Federal Reserve Bank of Kansas City research released April 10 signals stablecoins flow minimally into real-economy payments, with less than 1% supporting transactions through November 2025. The study confirms corporate hesitancy documented in PYMNTS data, highlighting critical integration hurdles for fintech infrastructure.

Core facts

The Fed analysis examined stablecoin flows against a market cap of $300.5 billion. Distribution breakdown: 48.8% in crypto finance operations, 29.3% in transfers, 21.2% in idle balances, and 0.7% in payments. Payment volume reached $10.2 billion in August 2025, while over 5% remained locked in bridge protocols.

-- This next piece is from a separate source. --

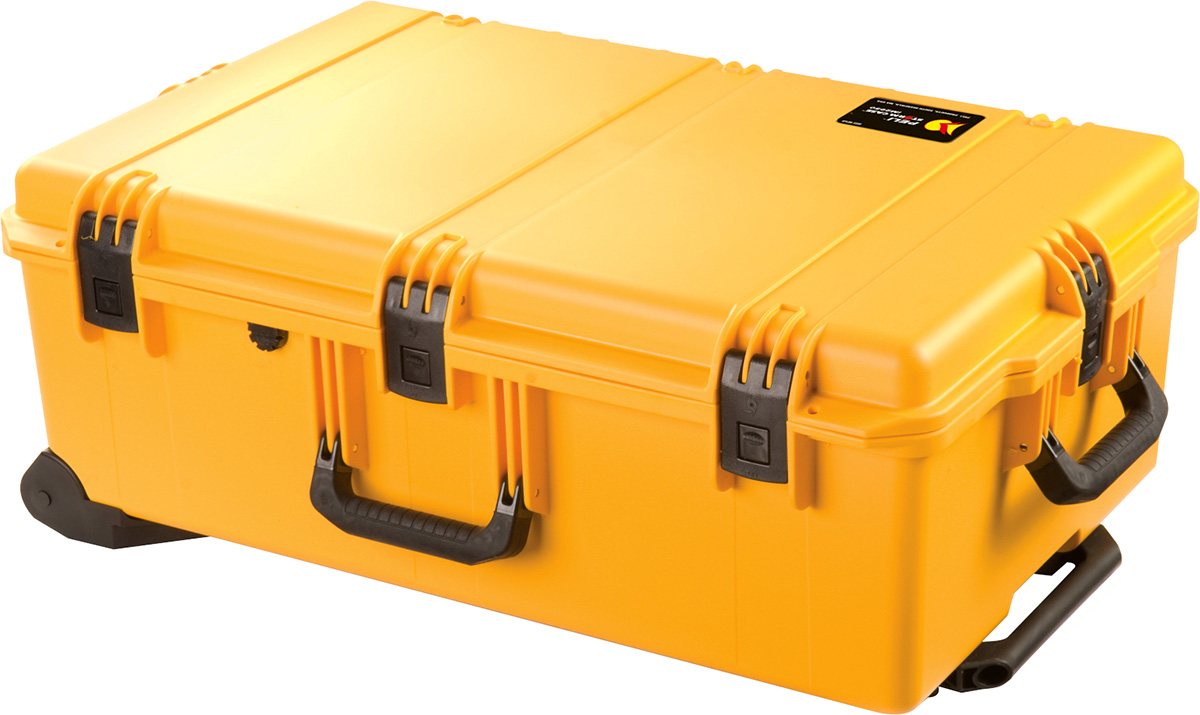 Peli™ Storm Case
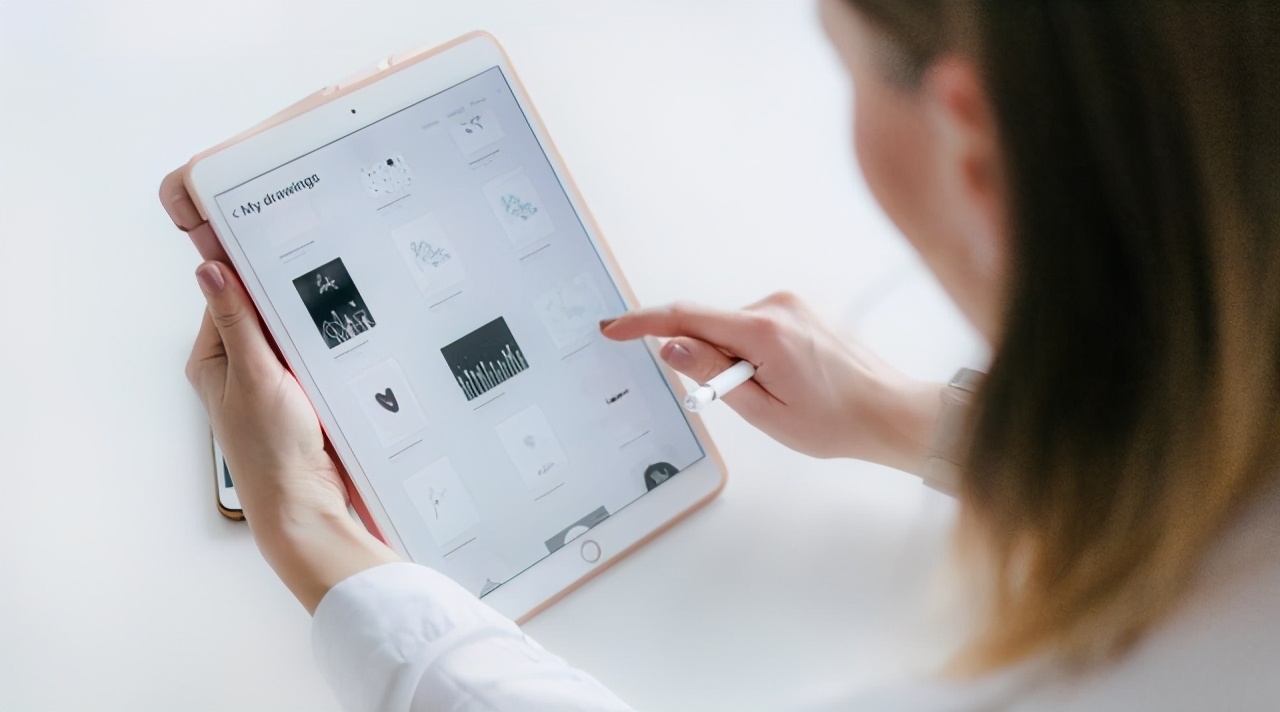 苹果官换机和华为全新哪个值得买,华为出新机后苹果如何应对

A PYMNTS March 2026 survey of 60 U.S. CFOs found 42% discussed or tested stablecoins, yet only 13% report active use. Over 40% cited integration challenges as primary barriers.

Expert perspective

“payments are still a very small part of the world of stablecoins, accounting for less than 1 percent of all stablecoin use.”

— Federal Reserve Bank of Kansas City Research

Analysis: This finding exposes the chasm between stablecoin market capitalization and functional utility, directly challenging assumptions that digital dollar alternatives are replacing traditional payment rails.

Why this matters

The 21.2% idle allocation represents trapped capital awaiting infrastructure maturity. Firms delay deployment until systems align with treasury workflows and regulatory frameworks crystallize. Interoperability failures—evidenced by the 5% bridge lock-up—prevent seamless enterprise adoption.

For MENA, the implications are immediate. Dubai and Riyadh fintech hubs have launched Visa Bridge stablecoin card pilots for high-value settlements, while Middle East crypto transactions exceed $500 billion yearly with stablecoins commanding 52% share. Yet the Fed’s global idle trends warn regional players: without regulatory clarity and interoperability solutions, MENA risks replicating the same adoption gaps despite $33 trillion in stablecoin volumes recorded in 2025.

What to watch next: UAE and Saudi Arabia tokenized asset pilots, enterprise treasury integrations with regional banks, and cross-border settlement protocols linking GCC financial infrastructure to global stablecoin networks.

Conclusion

The Fed findings underscore stablecoins’ incomplete evolution from crypto silos to payment rails. MENA leaders pursuing Vision 2030 and D33 digital economy targets must prioritize seamless bridge infrastructure to activate idle capital for regional trade flows.